08-2838-cv
Bauer v. Yellen
UNITED STATES COURT OF APPEALS
FOR THE SECOND CIRCUIT
SUMMARY ORDER
RULINGS BY SUM M ARY O RDER DO NOT HAVE PRECEDENTIAL EFFECT. CITATION TO A
SUM M ARY ORDER FILED ON OR AFTER JANUARY 1, 2007, IS PERM ITTED AND IS GOVERNED BY
FEDERAL RULE OF APPELLATE PROCEDURE 32.1 AND THIS COURT’S LOCAL RULE 32.1.1. W HEN
CITING A SUM M ARY ORDER IN A DOCUM ENT FILED W ITH THIS COURT, A PARTY M UST CITE
EITHER THE FEDERAL APPENDIX OR AN ELECTRONIC DATABASE (W ITH THE NOTATION
“SUM M ARY ORDER”). A PARTY CITING A SUM M ARY ORDER M UST SERVE A COPY OF IT ON ANY
PARTY NOT REPRESENTED BY COUNSEL.
At a stated term of the United States Court of Appeals for the Second Circuit, held at
the Daniel Patrick Moynihan United States Courthouse, 500 Pearl Street, in the City of New
York, on the 3 rd day of May, two thousand ten.
PRESENT: ROBERT D. SACK,
REENA RAGGI,
PETER W. HALL,
Circuit Judges.
----------------------------------------------------------------------
CHRISTINA BAUER,
Plaintiff-Appellant,
v. No. 08-2838-cv
LINDA YELLEN, KECKINS PROJECTS, LTD.,
Defendants-Appellees.
-----------------------------------------------------------------------
APPEARING FOR APPELLANT: CHRISTINA BAUER, pro se, New York, New
York.
APPEARING FOR APPELLEES: MICHAEL A. CORNMAN, Schweitzer Cornman
Gross & Bondell LLP, New York, New York.
Appeal from the United States District Court for the Southern District of New York
(P. Kevin Castel, Judge).
UPON DUE CONSIDERATION, IT IS HEREBY ORDERED, ADJUDGED, AND
DECREED that the April 25, 2008 judgment of the district court is AFFIRMED in part,
VACATED in part, and REMANDED.
Plaintiff Christina Bauer appeals pro se from an award of attorney’s fees in favor of
defendants initially granted on April 25, 2008, and finalized in an order entered on August
6, 2008.1 We review an award of attorney’s fees for abuse of discretion. See Farbotko v.
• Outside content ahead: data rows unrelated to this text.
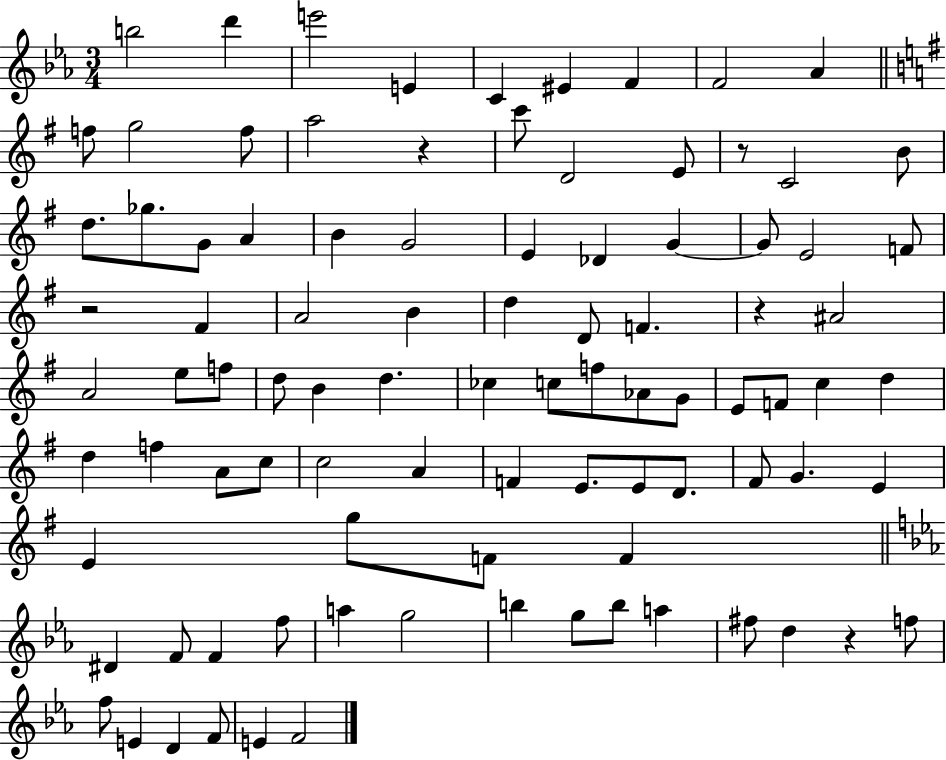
B5/h D6/q E6/h E4/q C4/q EIS4/q F4/q F4/h Ab4/q F5/e G5/h F5/e A5/h R/q C6/e D4/h E4/e R/e C4/h B4/e D5/e. Gb5/e. G4/e A4/q B4/q G4/h E4/q Db4/q G4/q G4/e E4/h F4/e R/h F#4/q A4/h B4/q D5/q D4/e F4/q. R/q A#4/h A4/h E5/e F5/e D5/e B4/q D5/q. CES5/q C5/e F5/e Ab4/e G4/e E4/e F4/e C5/q D5/q D5/q F5/q A4/e C5/e C5/h A4/q F4/q E4/e. E4/e D4/e. F#4/e G4/q. E4/q E4/q G5/e F4/e F4/q D#4/q F4/e F4/q F5/e A5/q G5/h B5/q G5/e B5/e A5/q F#5/e D5/q R/q F5/e F5/e E4/q D4/q F4/e E4/q F4/h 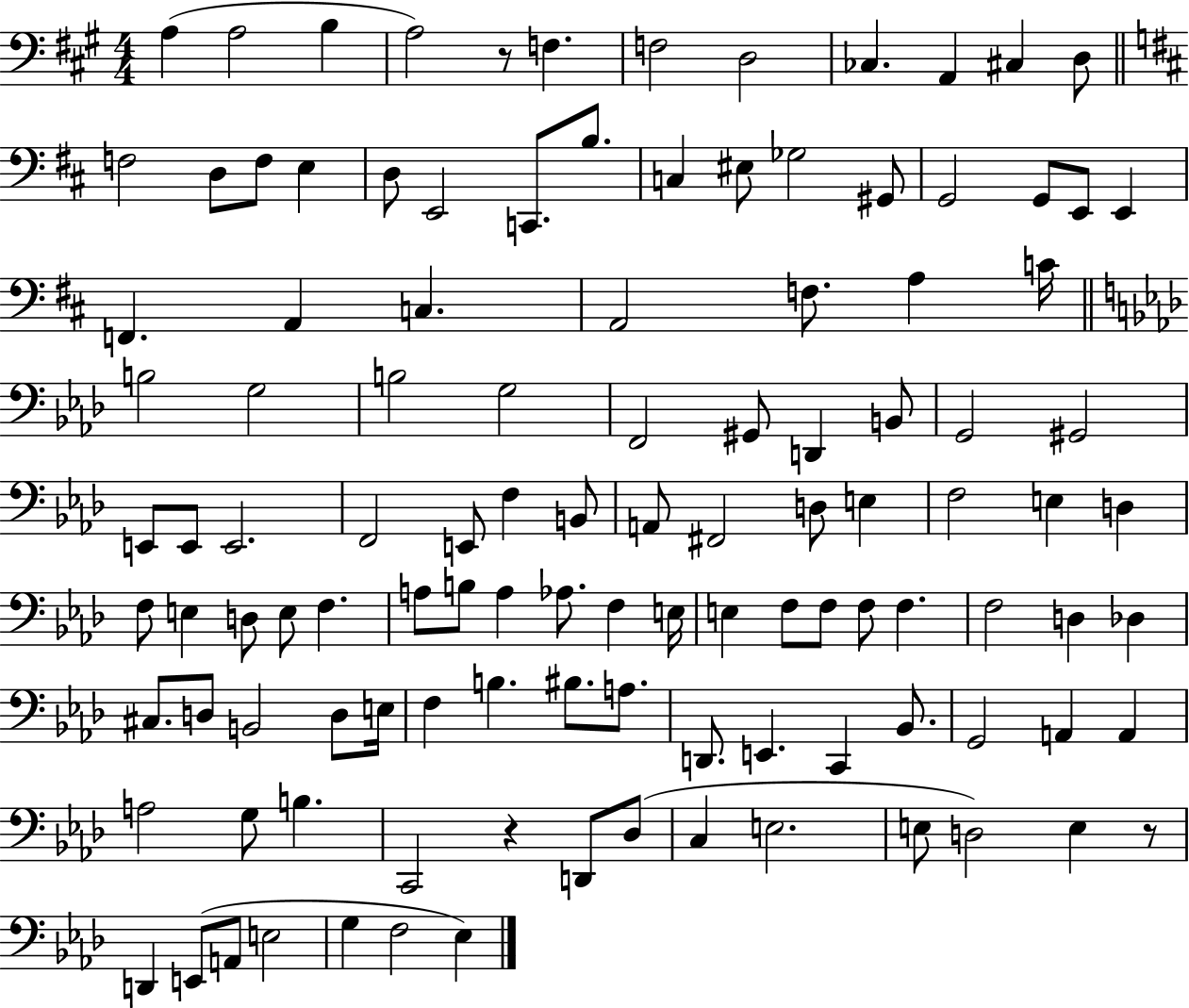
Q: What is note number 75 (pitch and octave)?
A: F3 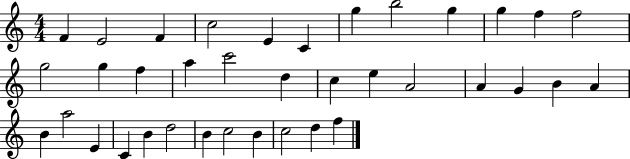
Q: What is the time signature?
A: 4/4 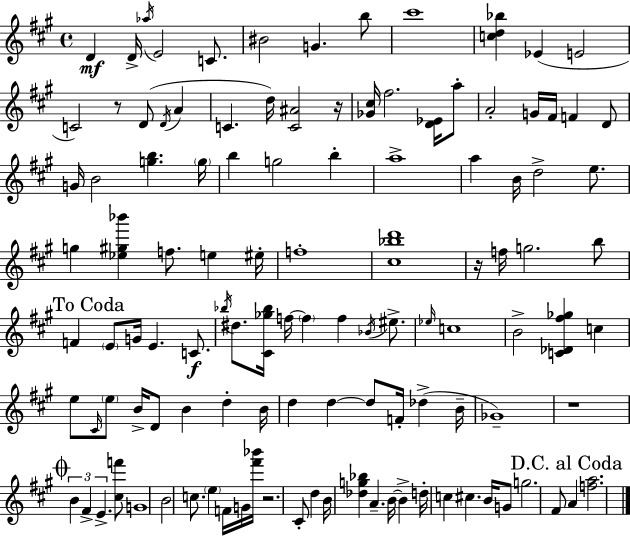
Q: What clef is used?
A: treble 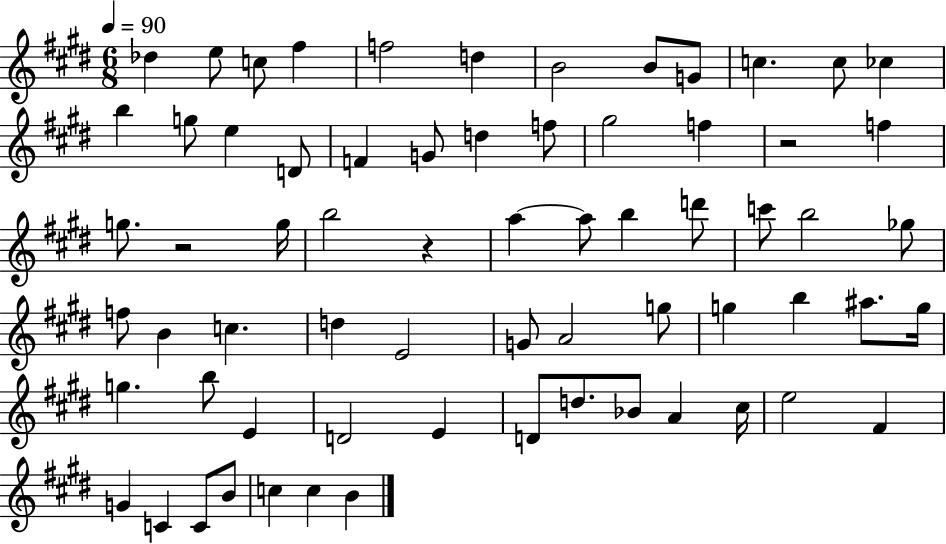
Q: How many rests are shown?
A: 3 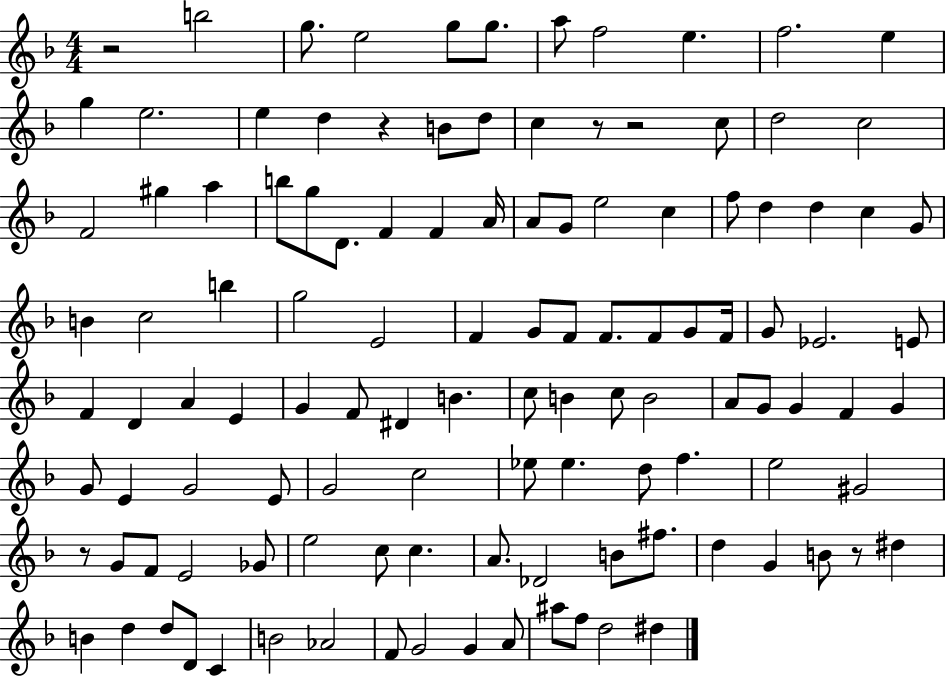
{
  \clef treble
  \numericTimeSignature
  \time 4/4
  \key f \major
  r2 b''2 | g''8. e''2 g''8 g''8. | a''8 f''2 e''4. | f''2. e''4 | \break g''4 e''2. | e''4 d''4 r4 b'8 d''8 | c''4 r8 r2 c''8 | d''2 c''2 | \break f'2 gis''4 a''4 | b''8 g''8 d'8. f'4 f'4 a'16 | a'8 g'8 e''2 c''4 | f''8 d''4 d''4 c''4 g'8 | \break b'4 c''2 b''4 | g''2 e'2 | f'4 g'8 f'8 f'8. f'8 g'8 f'16 | g'8 ees'2. e'8 | \break f'4 d'4 a'4 e'4 | g'4 f'8 dis'4 b'4. | c''8 b'4 c''8 b'2 | a'8 g'8 g'4 f'4 g'4 | \break g'8 e'4 g'2 e'8 | g'2 c''2 | ees''8 ees''4. d''8 f''4. | e''2 gis'2 | \break r8 g'8 f'8 e'2 ges'8 | e''2 c''8 c''4. | a'8. des'2 b'8 fis''8. | d''4 g'4 b'8 r8 dis''4 | \break b'4 d''4 d''8 d'8 c'4 | b'2 aes'2 | f'8 g'2 g'4 a'8 | ais''8 f''8 d''2 dis''4 | \break \bar "|."
} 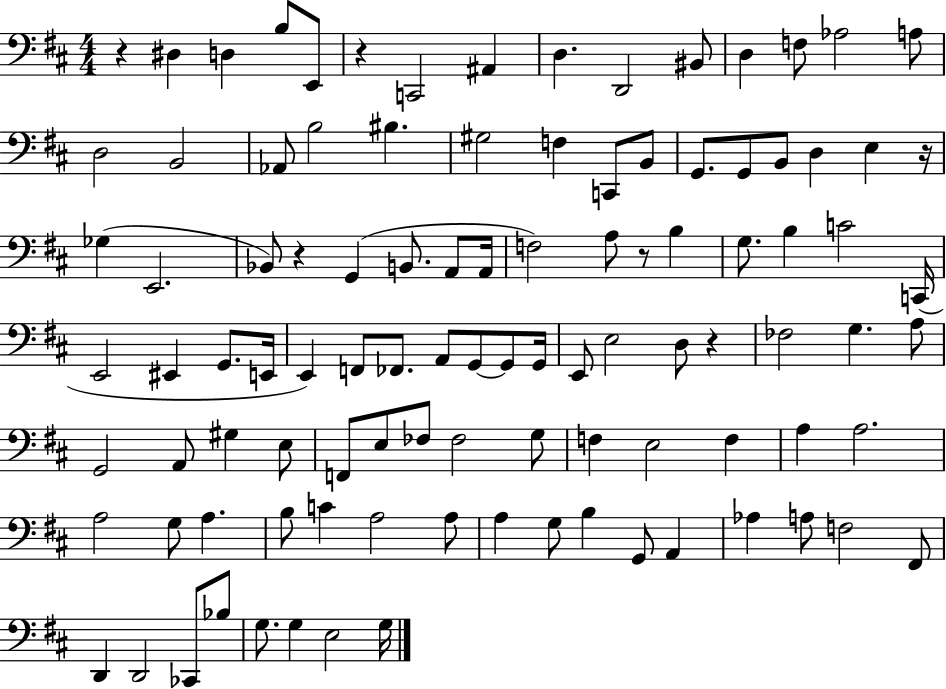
R/q D#3/q D3/q B3/e E2/e R/q C2/h A#2/q D3/q. D2/h BIS2/e D3/q F3/e Ab3/h A3/e D3/h B2/h Ab2/e B3/h BIS3/q. G#3/h F3/q C2/e B2/e G2/e. G2/e B2/e D3/q E3/q R/s Gb3/q E2/h. Bb2/e R/q G2/q B2/e. A2/e A2/s F3/h A3/e R/e B3/q G3/e. B3/q C4/h C2/s E2/h EIS2/q G2/e. E2/s E2/q F2/e FES2/e. A2/e G2/e G2/e G2/s E2/e E3/h D3/e R/q FES3/h G3/q. A3/e G2/h A2/e G#3/q E3/e F2/e E3/e FES3/e FES3/h G3/e F3/q E3/h F3/q A3/q A3/h. A3/h G3/e A3/q. B3/e C4/q A3/h A3/e A3/q G3/e B3/q G2/e A2/q Ab3/q A3/e F3/h F#2/e D2/q D2/h CES2/e Bb3/e G3/e. G3/q E3/h G3/s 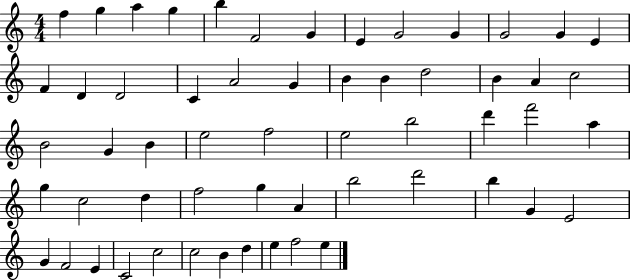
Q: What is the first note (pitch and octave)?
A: F5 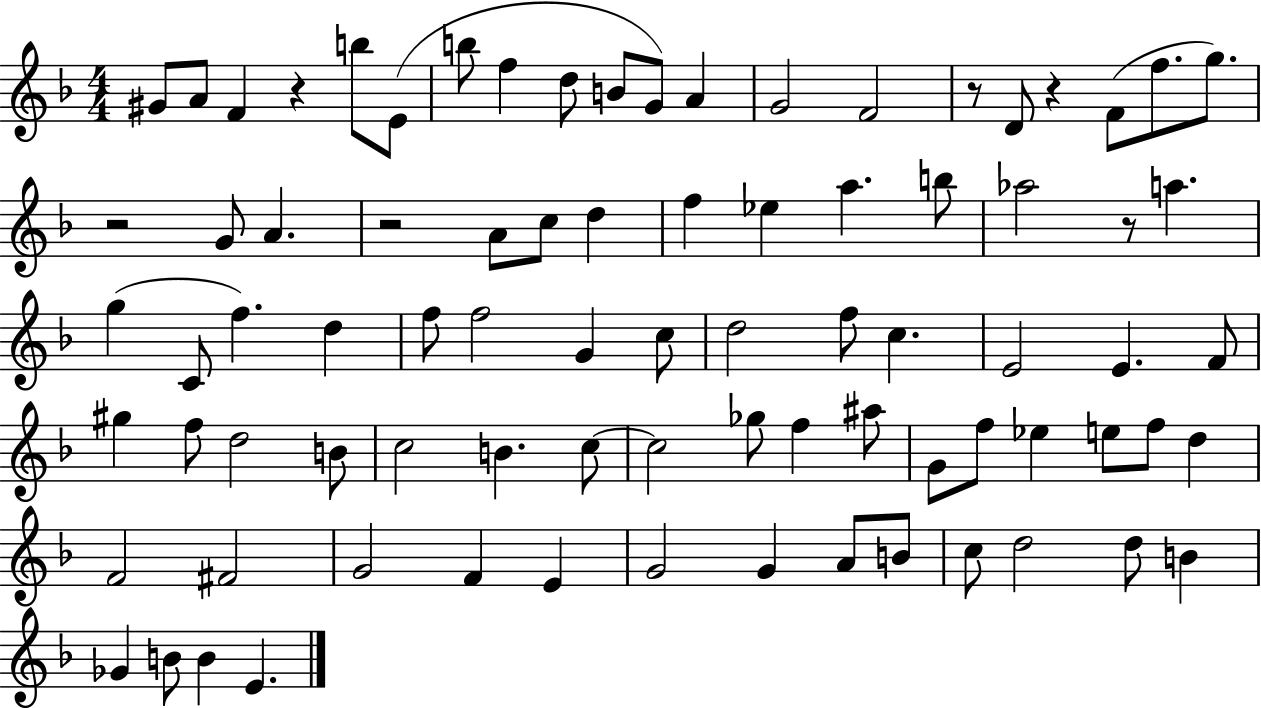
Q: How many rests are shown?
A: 6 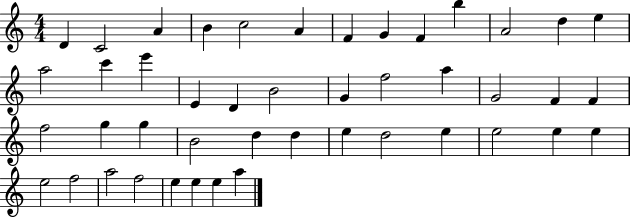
D4/q C4/h A4/q B4/q C5/h A4/q F4/q G4/q F4/q B5/q A4/h D5/q E5/q A5/h C6/q E6/q E4/q D4/q B4/h G4/q F5/h A5/q G4/h F4/q F4/q F5/h G5/q G5/q B4/h D5/q D5/q E5/q D5/h E5/q E5/h E5/q E5/q E5/h F5/h A5/h F5/h E5/q E5/q E5/q A5/q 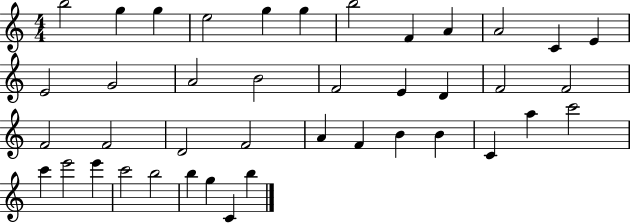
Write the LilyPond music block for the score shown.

{
  \clef treble
  \numericTimeSignature
  \time 4/4
  \key c \major
  b''2 g''4 g''4 | e''2 g''4 g''4 | b''2 f'4 a'4 | a'2 c'4 e'4 | \break e'2 g'2 | a'2 b'2 | f'2 e'4 d'4 | f'2 f'2 | \break f'2 f'2 | d'2 f'2 | a'4 f'4 b'4 b'4 | c'4 a''4 c'''2 | \break c'''4 e'''2 e'''4 | c'''2 b''2 | b''4 g''4 c'4 b''4 | \bar "|."
} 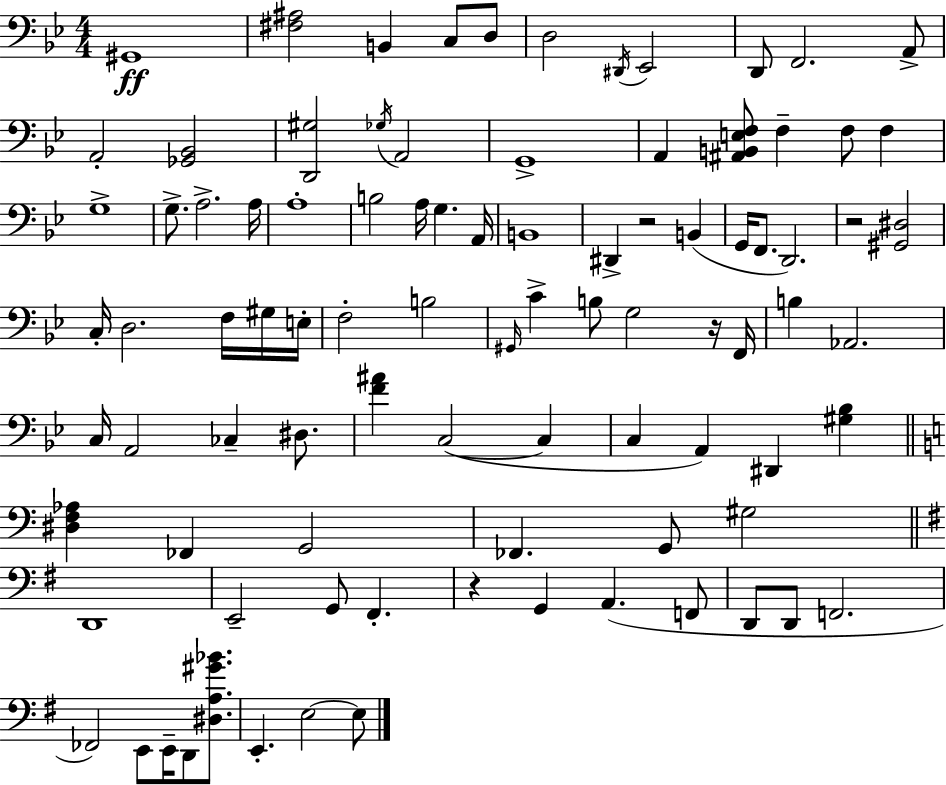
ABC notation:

X:1
T:Untitled
M:4/4
L:1/4
K:Bb
^G,,4 [^F,^A,]2 B,, C,/2 D,/2 D,2 ^D,,/4 _E,,2 D,,/2 F,,2 A,,/2 A,,2 [_G,,_B,,]2 [D,,^G,]2 _G,/4 A,,2 G,,4 A,, [^A,,B,,E,F,]/2 F, F,/2 F, G,4 G,/2 A,2 A,/4 A,4 B,2 A,/4 G, A,,/4 B,,4 ^D,, z2 B,, G,,/4 F,,/2 D,,2 z2 [^G,,^D,]2 C,/4 D,2 F,/4 ^G,/4 E,/4 F,2 B,2 ^G,,/4 C B,/2 G,2 z/4 F,,/4 B, _A,,2 C,/4 A,,2 _C, ^D,/2 [F^A] C,2 C, C, A,, ^D,, [^G,_B,] [^D,F,_A,] _F,, G,,2 _F,, G,,/2 ^G,2 D,,4 E,,2 G,,/2 ^F,, z G,, A,, F,,/2 D,,/2 D,,/2 F,,2 _F,,2 E,,/2 E,,/4 D,,/2 [^D,A,^G_B]/2 E,, E,2 E,/2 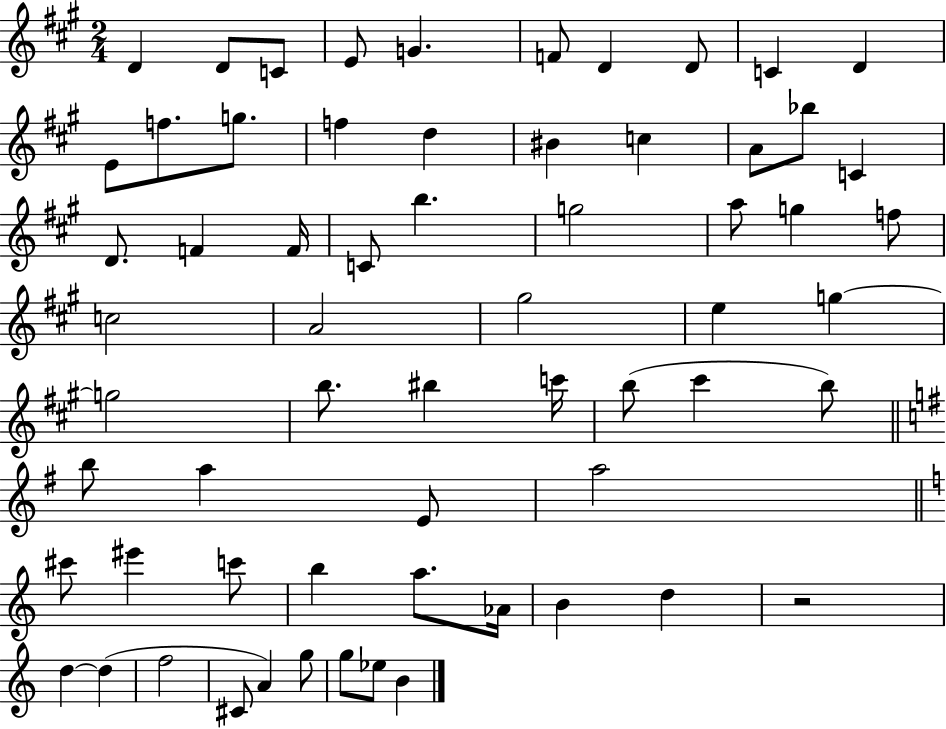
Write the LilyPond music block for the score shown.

{
  \clef treble
  \numericTimeSignature
  \time 2/4
  \key a \major
  d'4 d'8 c'8 | e'8 g'4. | f'8 d'4 d'8 | c'4 d'4 | \break e'8 f''8. g''8. | f''4 d''4 | bis'4 c''4 | a'8 bes''8 c'4 | \break d'8. f'4 f'16 | c'8 b''4. | g''2 | a''8 g''4 f''8 | \break c''2 | a'2 | gis''2 | e''4 g''4~~ | \break g''2 | b''8. bis''4 c'''16 | b''8( cis'''4 b''8) | \bar "||" \break \key g \major b''8 a''4 e'8 | a''2 | \bar "||" \break \key a \minor cis'''8 eis'''4 c'''8 | b''4 a''8. aes'16 | b'4 d''4 | r2 | \break d''4~~ d''4( | f''2 | cis'8 a'4) g''8 | g''8 ees''8 b'4 | \break \bar "|."
}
Clinton County of N.Y., 433 F.3d 204, 208 (2d Cir. 2005). In doing so, we assume the
parties’ familiarity with the facts and the record of prior proceedings, which we reference
only as necessary to explain our decision.
Under the Copyright Act, see 17 U.S.C. § 505, “the award of attorney’s fees is within
the sound discretion of the court.” N.A.S. Import, Corp. v. Chenson Enters., Inc., 968 F.2d
250, 253 (2d Cir. 1992). There is “no precise rule or formula” for determining when such
an award is merited. Fogerty v. Fantasy, Inc., 510 U.S. 517, 534 (1994) (internal quotation
marks omitted). Instead, “equitable discretion should be exercised in light of the [relevant]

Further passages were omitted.